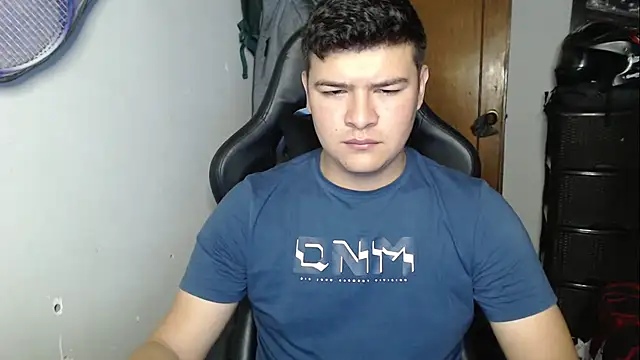 Snapshot of Plug_Control chatting on 12-05-25, 07:10 Plug Control online show from 12-05-25, 07:10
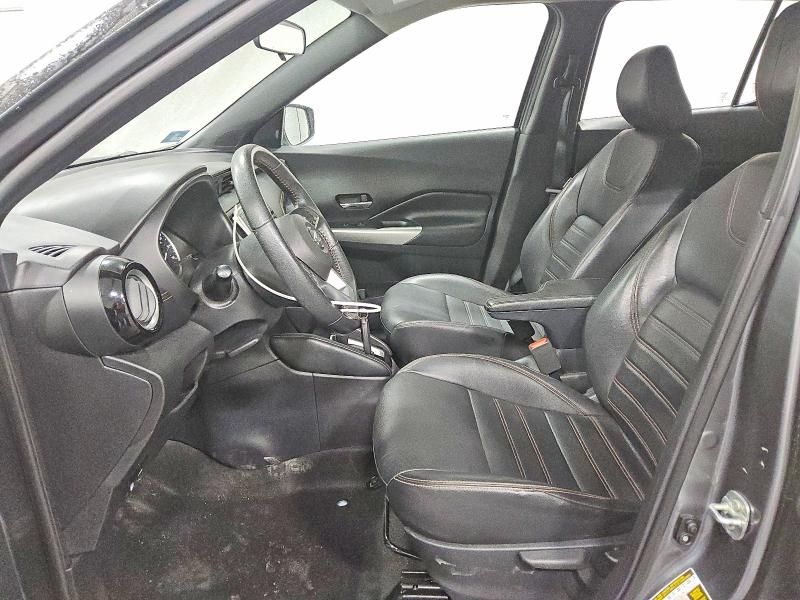 2020 Nissan Kicks sr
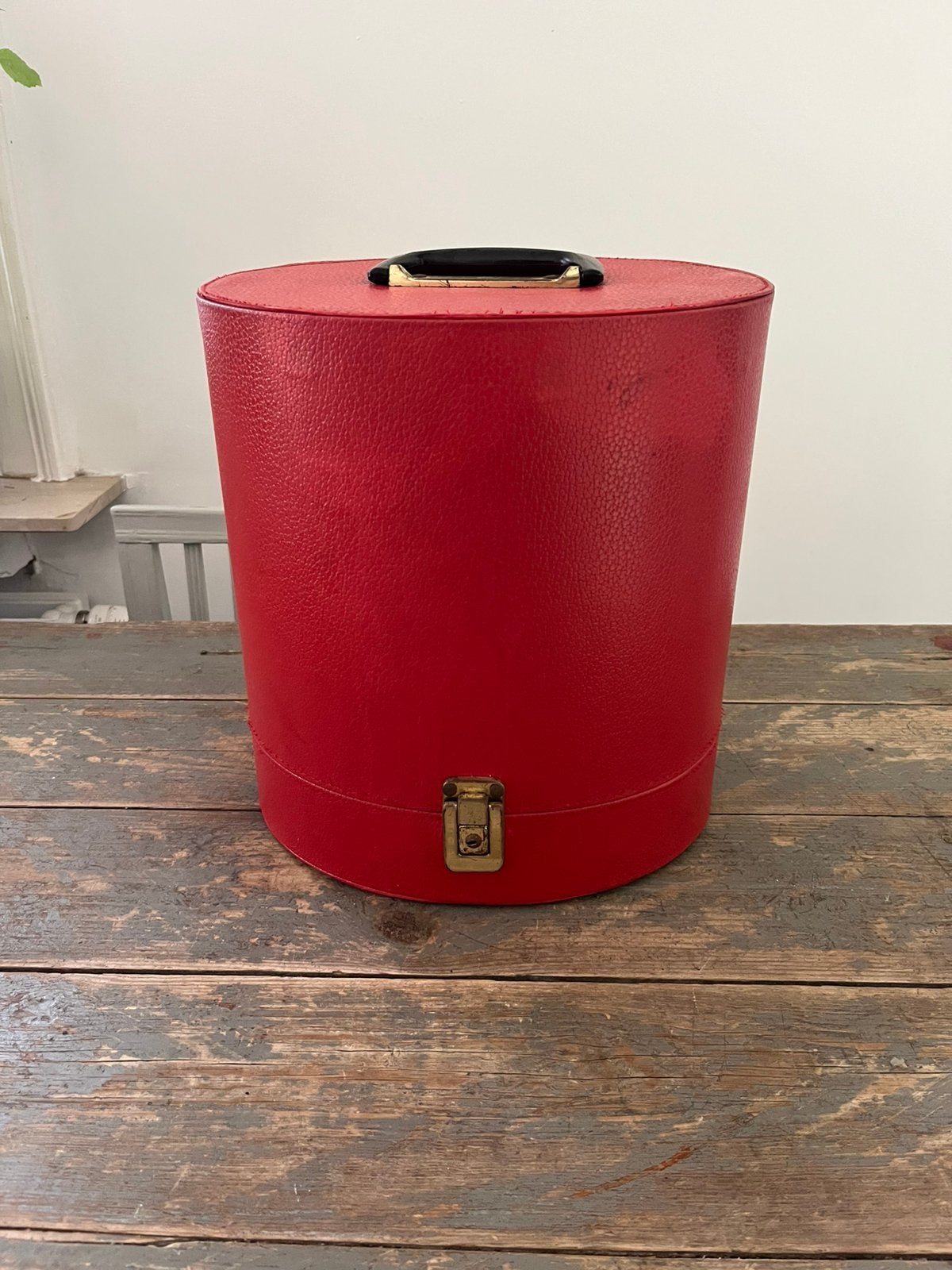 VINTAGE RETRO HOEDENKOFFER MET MAL HOOFD ROOD SIMILI, Ophalen of Verzenden, Zo goed als nieuw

> **TASK DESCRIPTION**: Word for word, reproduce the material above and omit each image.

> **REPLY TO THE TASK**:
 Snapshot of Plug_Control chatting on 12-05-25, 07:10 Plug Control online show from 12-05-25, 07:10
 2020 Nissan Kicks sr
 VINTAGE RETRO HOEDENKOFFER MET MAL HOOFD ROOD SIMILI, Ophalen of Verzenden, Zo goed als nieuw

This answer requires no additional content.